Background information
- Origin: Cambridgeshire, England
- Genres: Indie pop, punk pop
- Labels: Fortuna Pop!; Kingfisher Bluez; WIAWIYA; Fika Recordings;
- Members: Emma Kupa; Mark Boxall; Tom Barden;

= Mammoth Penguins =

Mammoth Penguins are a British three-piece indie pop band based in Cambridgeshire, England. The band formed in 2013 and currently comprises members Emma Kupa, Mark Boxall and Tom Barden. They have released four albums on independent record labels.

==History==
Emma Kupa's previous band Standard Fare broke up in 2013 following an eight-year run, and Kupa soon moved from Sheffield to Cambridgeshire. Switching from bass (which she played in Standard Fare) to guitar and vocals, Kupa teamed up with bassist Mark Boxall and drummer Tom Barden to form the combo Mammoth Penguins.

The new group's debut single, "When I Was Your Age", was released in June 2015, and their album, Hide and Seek, arrived a month later on the Fortuna Pop! label.

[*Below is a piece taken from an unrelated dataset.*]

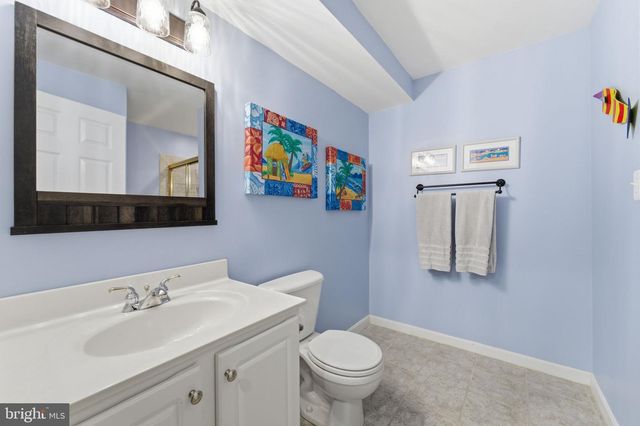 14345 CHALFONT DR, Haymarket, VA 20169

The band returned in 2017 with the "A Simple Misunderstanding" single for Kingfisher Bluez; they went on to make a record that expanded from their earlier punk-pop sound. Under the name Mammoth Penguins & Friends, they recorded a concept album about a man who faked his own death, then returned ten years later. Titled John Doe, it featured contributions from Haiku Salut's Sophie Barkerwood (programming/samples), as well as Russell Lomas (violin), and Joe Bear (samples/synths). The record was released in late 2017 on Where It's At Is Where You Are (often shortened to WIAWIYA).

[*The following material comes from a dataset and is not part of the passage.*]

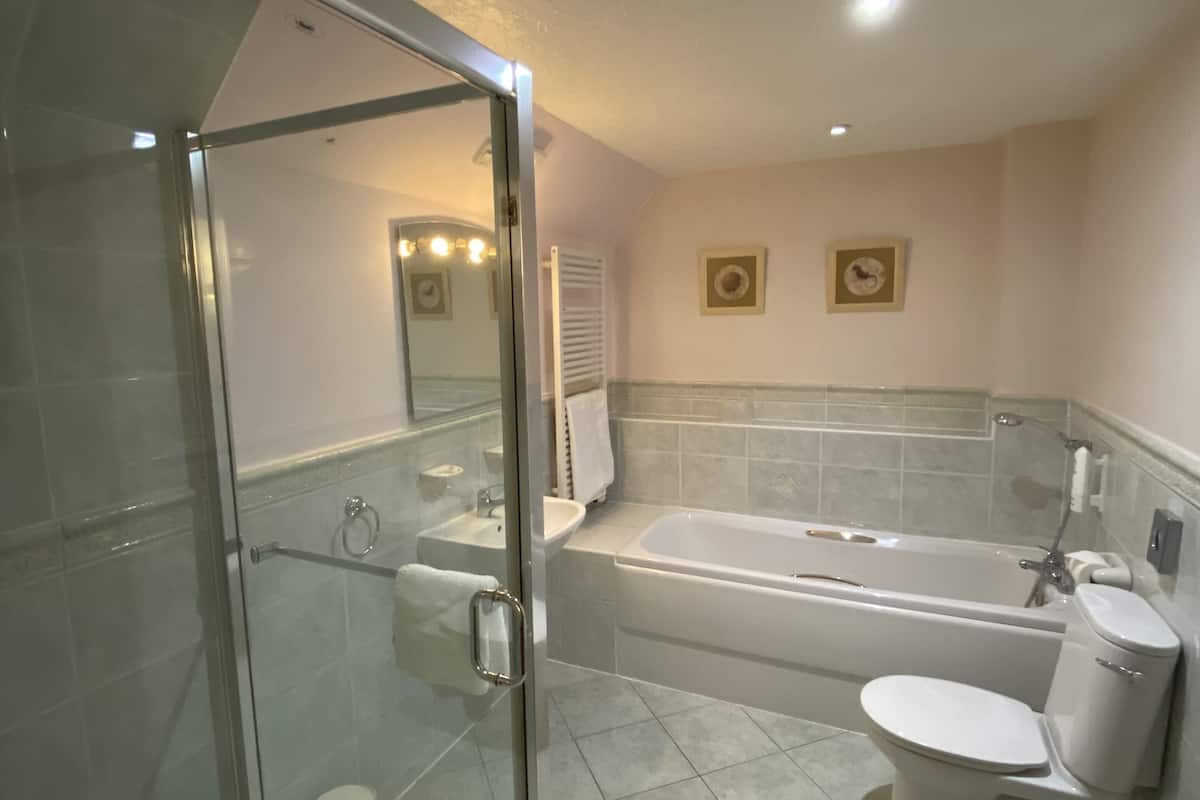 family double room | free wifi, bed sheets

They released their third album, There's No Fight We Can't Both Win, in 2019 on Fika Recordings. It again featured contributions from Joe Bear, as well as additional guitar by Faith Taylor. Veteran critic Robert Christgau regarded it as "the keeper" in Kupa's discography for how, "commonsensically and prosaically but also fervently and you bet tunefully, she's trying her best and getting better at" relationships, as reflected in the music's narratives.

==Discography==
===Albums===
- Hide and Seek - Fortuna Pop!, LP, CD, MP3 (2015)
- John Doe - WIAWIYA, LP, CD, MP3 (2017)
- There's No Fight We Can't Both Win - Fika Recordings, LP, CD, MP3 (2019)
- Here - Fika Recordings, LP, CD, MP3 (2024)

==Singles==
- "When I Was Your Age" - Fortuna Pop!, 7", MP3 (2015)
- "Propped Up" - Fortuna Pop!, 7", MP3 (2015)
- "A Simple Misunderstanding" - Kingfisher Bluez, 7", MP3 (2015)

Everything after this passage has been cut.